▶ [What you need to do] An exact, complete printout of the listing is wanted, minus its images.

▶ [Given material]
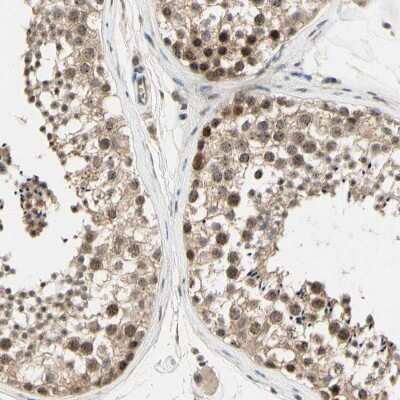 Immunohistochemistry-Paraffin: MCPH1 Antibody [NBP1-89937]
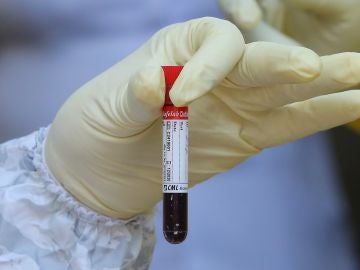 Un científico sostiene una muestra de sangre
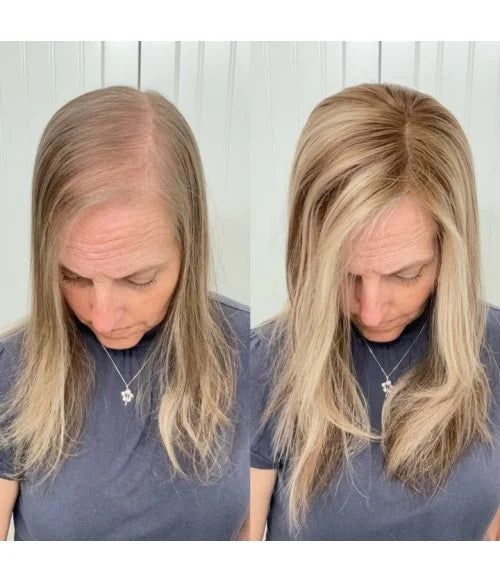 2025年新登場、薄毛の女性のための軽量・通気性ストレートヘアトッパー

▶ [Solution for this exercise]
 Immunohistochemistry-Paraffin: MCPH1 Antibody [NBP1-89937]
 Un científico sostiene una muestra de sangre
 2025年新登場、薄毛の女性のための軽量・通気性ストレートヘアトッパー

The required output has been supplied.